WHAT YOU ARE ASKED TO DO: Repeat the listing below in full and exactly, but without its pictures.

SOURCE DATA:

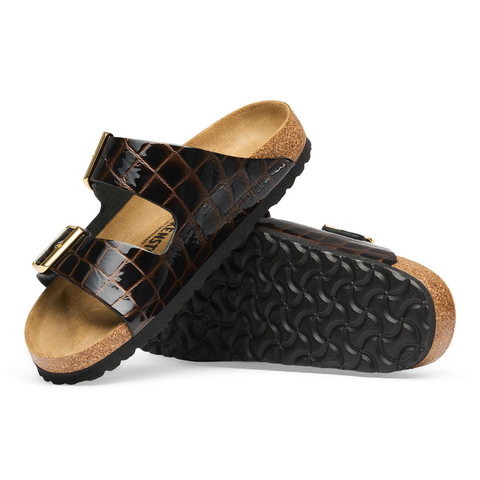 Birkenstock Arizona emboss animal black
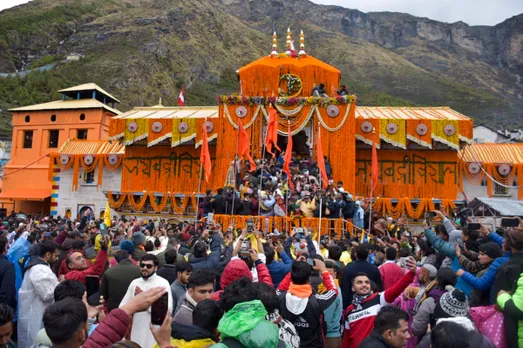 Char Dham Yatra 2024: Badrinath temple portals open for devotees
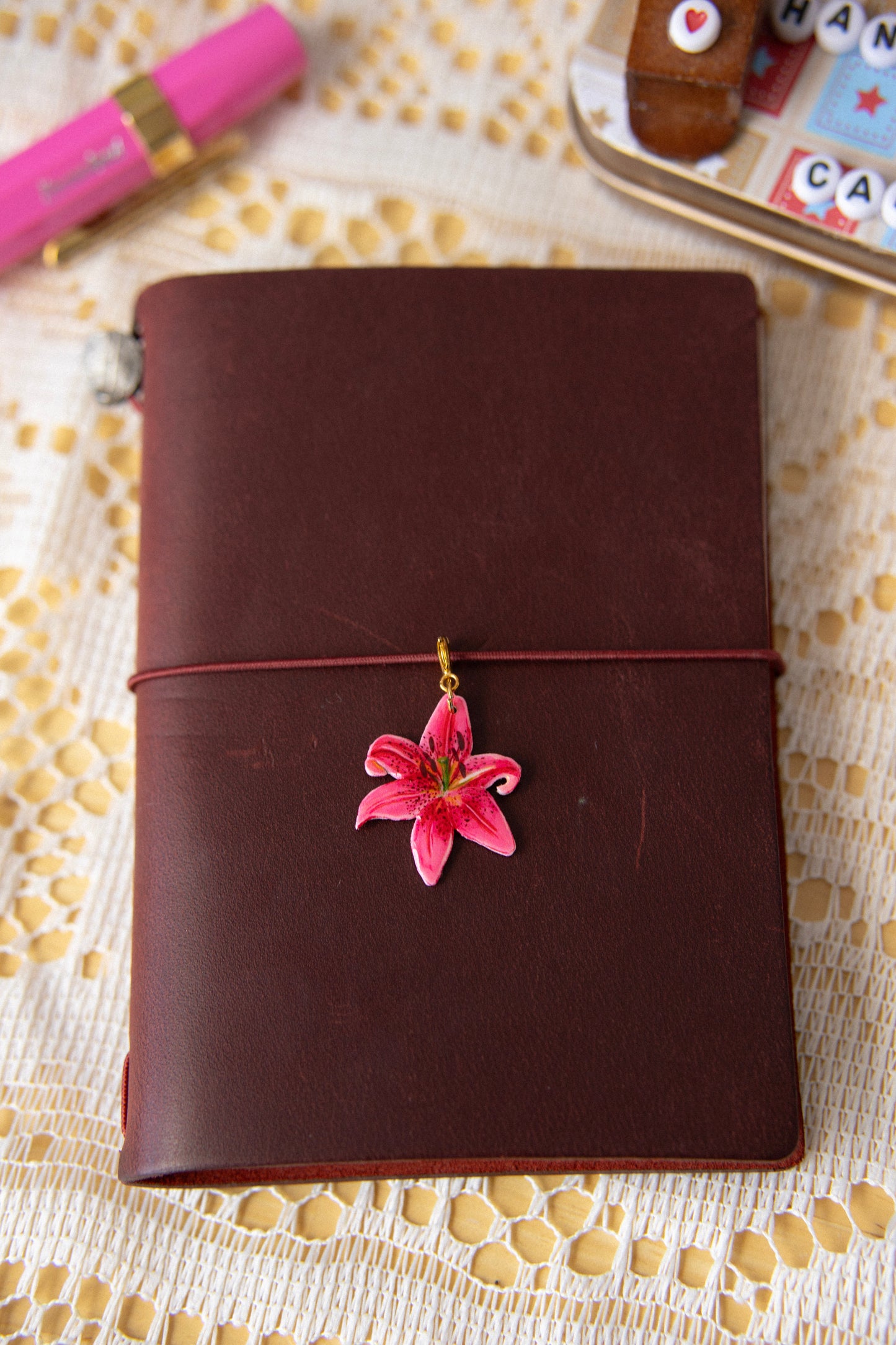 Lily Journal Charm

RESPONSE AREA:
 Birkenstock Arizona emboss animal black
 Char Dham Yatra 2024: Badrinath temple portals open for devotees
 Lily Journal Charm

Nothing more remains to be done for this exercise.